I thought I would blog about my journey of personal growth. A part of me is hoping that blogging about my triumphs, discoveries, and even my struggles will help me down my path to self betterment.
In short this blog is to help me document my life, and to see if any progress is made.
A New Year’s resolution? Not really. Although last year brought some sufficient change and different perspective into my life. However, current circumstances are having some profound negative impact on my life as well. Should I allow such negativity to destroy what beautiful self I may have? Or should I use it as a wake up call to do something?!?!
What do you think Reader? I can express to you through this blog of what I plan to do, or I can actually go out and do it! No whining in this blog, and no self pity. I intend to enjoy life and learn something new each day to better myself.
I will dedicate 2-3 times a week to this blog telling you what I have done and what I have learned. Perhaps you’re not even out there dear Reader, but in truth this blog is for myself. Hopefully if you are out there this will inspire you in someway.

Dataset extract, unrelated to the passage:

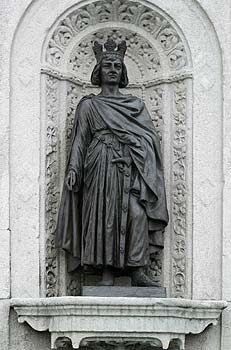 Statue de Philippe II Auguste, roi de France - Angers  - &copy; Norbert Pousseur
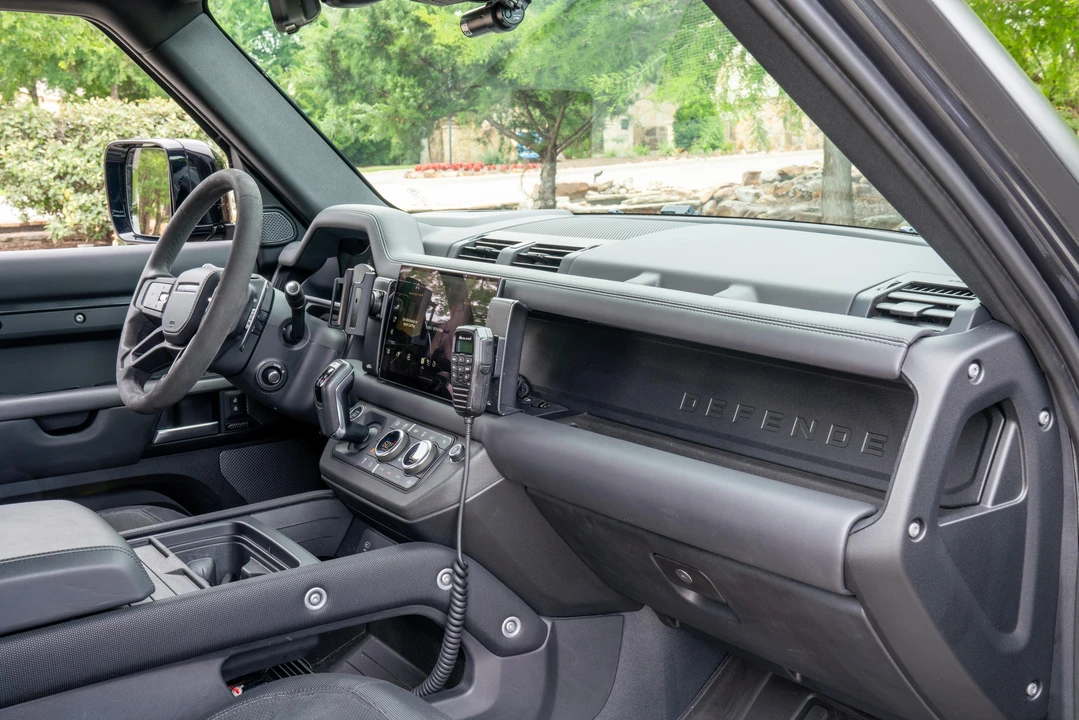 2023 Land Rover Defender L663 - Image 25 of 31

Inside we are all battling something, but it is up to us to fight back and take control of our lives! No matter your troubles that you’re struggling with please know that you have the strength inside you to overcome them. And please know that you’re not alone. If you’re out there…please know that you have my support and love!
If you’re out there Reader let us support each other through all of life’s lessons… That’s what every mishap or upsetting circumstance is… A lesson.

Today’s lesson: Fight back and take control of your life, because you’re worth it!